Tai Shani's DC Semiramis installation at Turner Contemporary. Picture: Stephen White. (20290999)
Tai Shani's DC Semiramis installation at Turner Contemporary. Picture: Stephen White. (20290999)

Tai Shani

Tai Shani works with performance, film, installation and sculpture.

Taking inspiration from varied mythologies, histories and fiction, she creates dark and fantastical worlds, which while often disturbing, are full of utopian potential.

For Turner Prize 2019, Shani presents a new installation version of DC: Semiramis.

This four-year project takes inspiration from Christine de Pizan’s 15th century proto-feminist text The Book of the City of Ladies.

With DC Shani creates a world in which historical events, science fiction and myths combine, building a radical vision of a future world born of an alternative past.

DC: Semiramis is made up of twelve chapters, each of which centres around a key character.

All twelve chapters are presented within this installation, activating the theatrical setting via a newly-produced video narration.

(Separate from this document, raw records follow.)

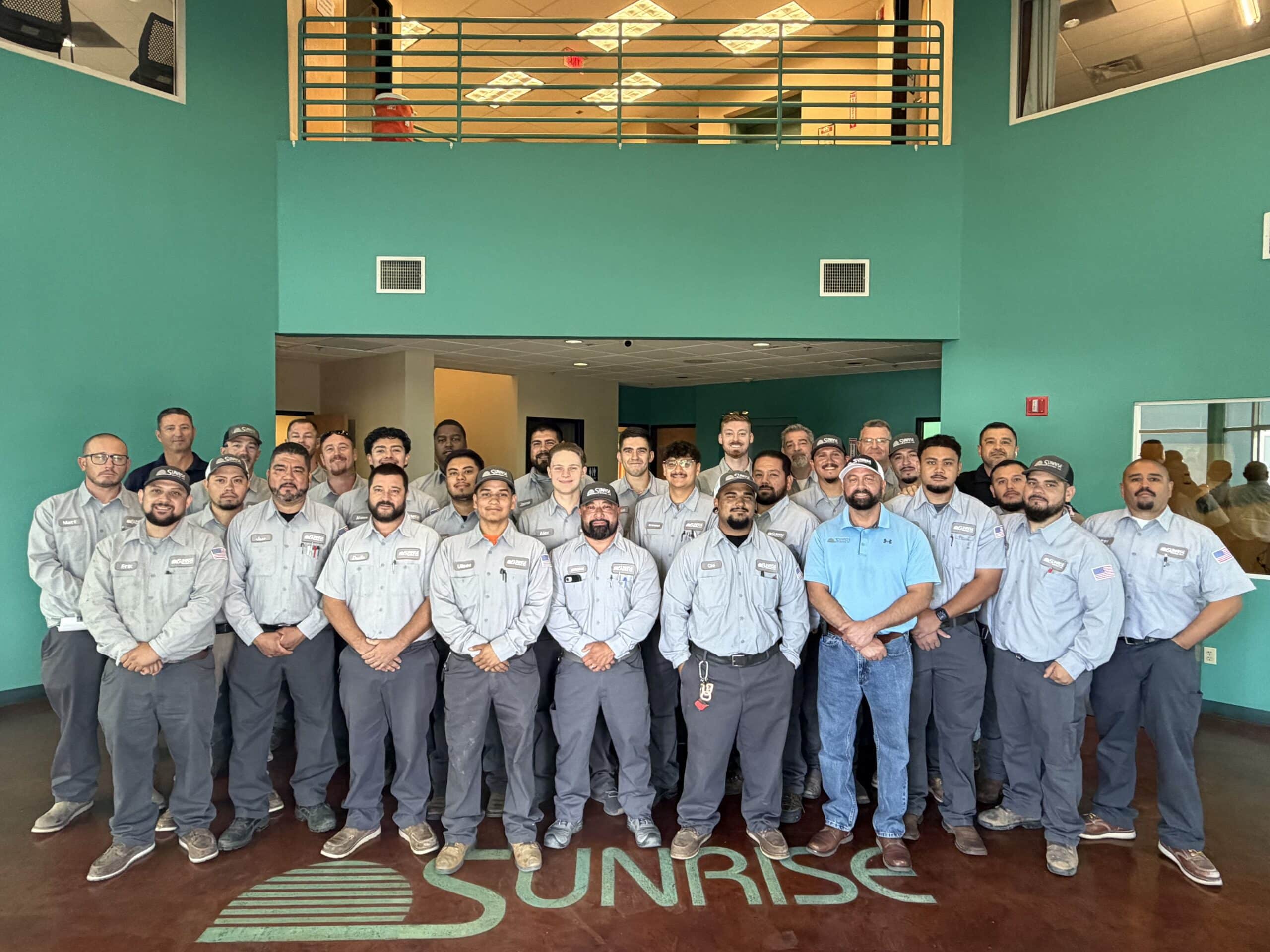 he full sunrise hvac team gathers for a group photo in the lobby, standing over the company's sunrise logo painted on the floor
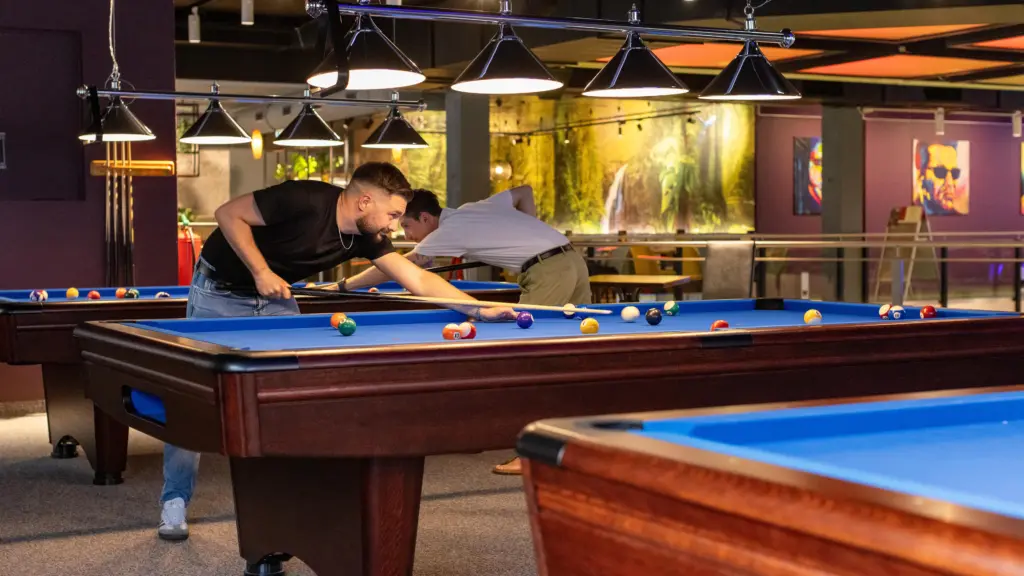Zwei Freunde zielen gleichzeitig beim Billard an mehreren Tischen im Restaurant CHILLY in St. Johann im Pongau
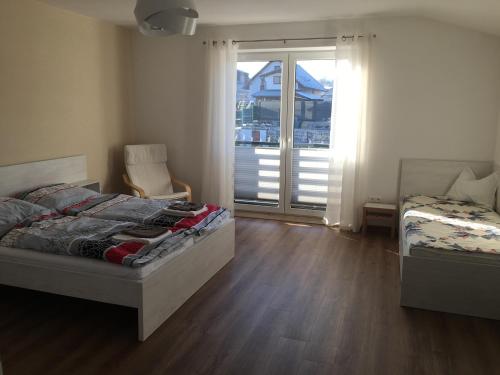 ein Schlafzimmer mit einem Bett, einem Stuhl und einem Fenster in der Unterkunft Apartmány Zuberec 893 in Zuberec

Every other year the prize is hosted at a different venue outside of London.

It is being hosted for the first time in Margate.

Heather Tait's work has been just some of the art on show courtesy of Margate NOW. Photograph by David Levene. (20291540)
Heather Tait's work has been just some of the art on show courtesy of Margate NOW. Photograph by David Levene. (20291540)

Earlier this month, it was revealed that JMW Turner, as well as Turner Contemporary, will feature on the new £20 note when it comes into circulation in February next year.

Click here to learn more about JMW Turner and Turner Contemporary featuring on the new £20 note.

Since opening its doors in 2011, Turner Contemporary has generated over £70 million for the local economy, led to the opening of over 150 new businesses and attracted over 3.4 million visits.

The prize and the Margate gallery are both named after English painter JMW Turner - who was said to be both controversial and innovative for his time during the 18th and 19th centuries and wanted to establish a prize for young artists.